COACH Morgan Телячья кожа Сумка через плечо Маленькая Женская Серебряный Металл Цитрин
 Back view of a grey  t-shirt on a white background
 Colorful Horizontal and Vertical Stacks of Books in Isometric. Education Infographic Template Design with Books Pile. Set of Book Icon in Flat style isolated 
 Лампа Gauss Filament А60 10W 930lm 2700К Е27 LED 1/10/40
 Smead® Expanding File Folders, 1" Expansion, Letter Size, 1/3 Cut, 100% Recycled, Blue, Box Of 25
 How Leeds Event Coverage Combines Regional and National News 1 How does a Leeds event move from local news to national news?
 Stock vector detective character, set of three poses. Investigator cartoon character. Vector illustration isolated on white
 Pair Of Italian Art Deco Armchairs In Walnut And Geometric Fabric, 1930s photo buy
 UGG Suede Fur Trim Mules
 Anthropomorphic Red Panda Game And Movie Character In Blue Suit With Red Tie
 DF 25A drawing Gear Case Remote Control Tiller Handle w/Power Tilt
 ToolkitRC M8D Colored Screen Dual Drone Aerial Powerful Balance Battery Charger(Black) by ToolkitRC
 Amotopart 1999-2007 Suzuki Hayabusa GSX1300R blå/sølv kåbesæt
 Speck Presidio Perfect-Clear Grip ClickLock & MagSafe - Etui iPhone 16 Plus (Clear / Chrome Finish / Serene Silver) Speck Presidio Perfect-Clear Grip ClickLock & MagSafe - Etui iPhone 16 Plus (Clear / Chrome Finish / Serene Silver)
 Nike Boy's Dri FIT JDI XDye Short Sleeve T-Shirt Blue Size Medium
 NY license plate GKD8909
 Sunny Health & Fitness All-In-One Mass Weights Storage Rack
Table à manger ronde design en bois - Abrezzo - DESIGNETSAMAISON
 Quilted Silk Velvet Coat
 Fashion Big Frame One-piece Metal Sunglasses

===

Task to carry out - The line with "Quilted Silk Velvet Coat" and all lines after it through the end of the data above: write these out exactly and add nothing.

Answer section -
 Quilted Silk Velvet Coat
 Fashion Big Frame One-piece Metal Sunglasses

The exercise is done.